So, here’s the deal. I’m a writer (a pretty good one if I and the two friends I’ve ever let read my stuff have anything to say about it) and I’ve written a book. It’s called Fishsticks and it’s about a hapless, slightly hopeless girl who’s in love with her brother’s best friend. Her solution? Invent a fake fisherman boyfriend to make him jealous of course! It sounds like a trite romantic comedy set-up but really, it’s anything but.
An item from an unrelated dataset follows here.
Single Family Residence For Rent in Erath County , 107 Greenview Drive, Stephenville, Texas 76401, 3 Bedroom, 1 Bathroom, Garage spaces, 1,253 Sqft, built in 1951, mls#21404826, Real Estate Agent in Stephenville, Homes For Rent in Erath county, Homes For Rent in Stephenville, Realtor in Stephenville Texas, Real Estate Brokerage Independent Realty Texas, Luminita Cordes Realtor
So I’ve got the supposed hard part down – I wrote the 25 chapters and edited the 25 chapters and polished my poor baby until it gleams. But I’ve just discovered the hard part really – the steal yourself for rejection, send out letters with pieces of your heart wrapped in paper, waiting on the edge of your seat for answers part. The finding an agent, getting published, seeing your dreams on the horizon yet so far out of reach part. In other words, the part I can’t get myself to do.
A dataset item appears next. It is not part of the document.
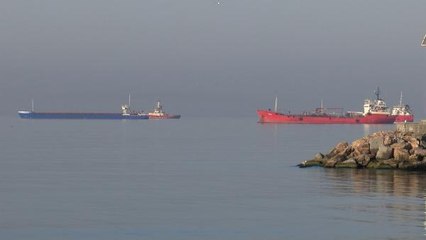 İstanbul Boğazı'nda arıza yapan gemi Ahırkapı'ya çekildi/Gündüz fotoğraflarıyla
Because, well, I’m nervous. I’m nervous and I’m scared and I’m worried as hell that the minute I start to choose this path it might lead me somewhere I’m afraid to go or, worse, somewhere I don’t want to go. And, as I’ve been told before (and it really was news to me), I guess I’m kind of afraid of change. Afraid of change, a control freak, and a little indignant on the feasibility of such dreams.
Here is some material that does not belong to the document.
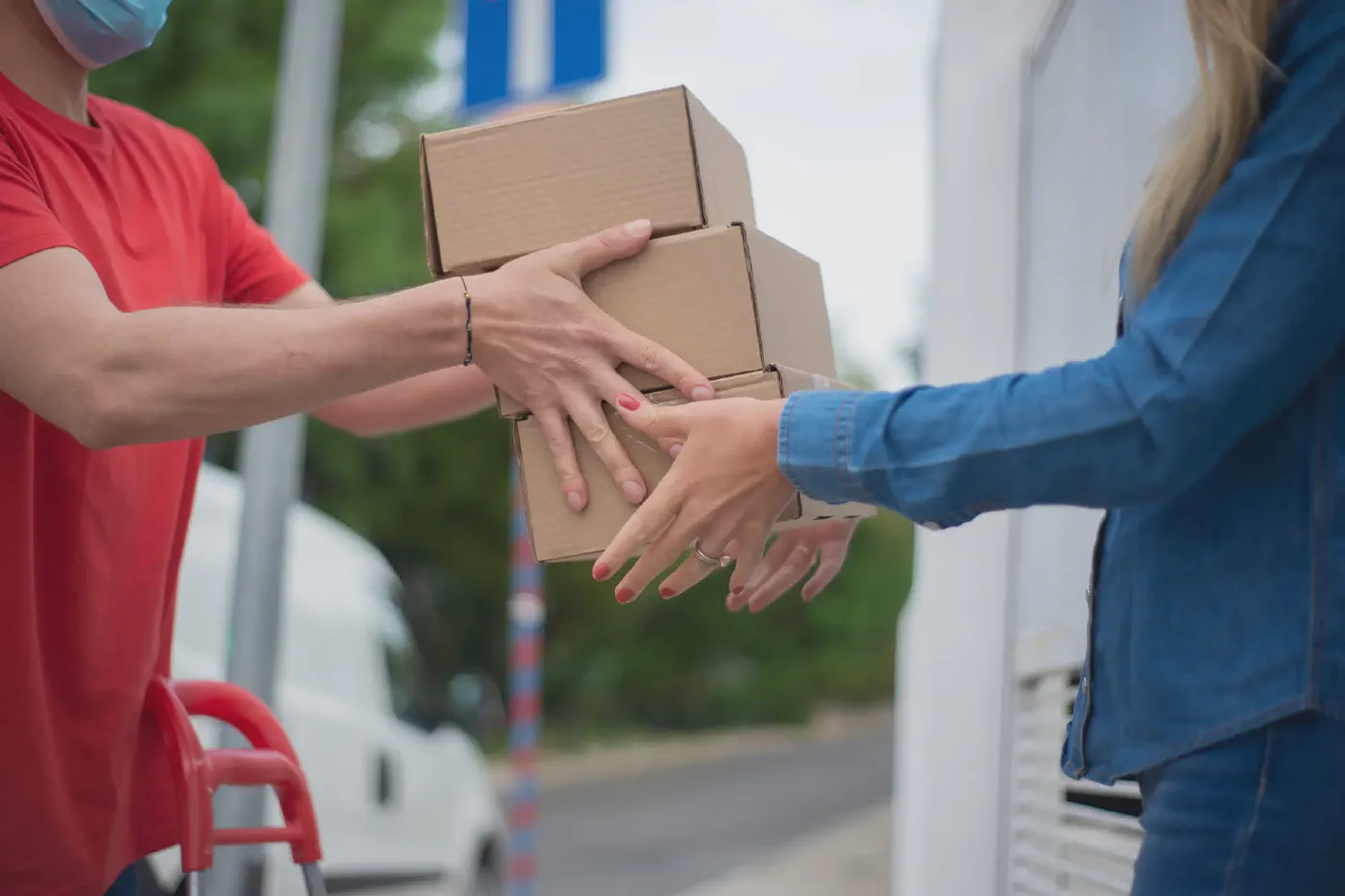 USPS・UPS・FedExの違い — 荷物を送るときの使い分け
I have another book I’m working on now you know. Well, really I have quite a few ideas rolling around inside my head but I picked one and I’m trying to stick to it but it isn’t working out too well. So, this is my solution. See when I’m sitting down to write lately, I do EVERYTHING within my power it seems to avoid it. I have started writing long, lengthy emails to friends because, well, I have to write, what I write is negotiable. So I’m going to try and ramble here, a little pause, and then get myself back to work. I’m not sure if it will work but, well, I’m pretty sure it’ll be entertaining.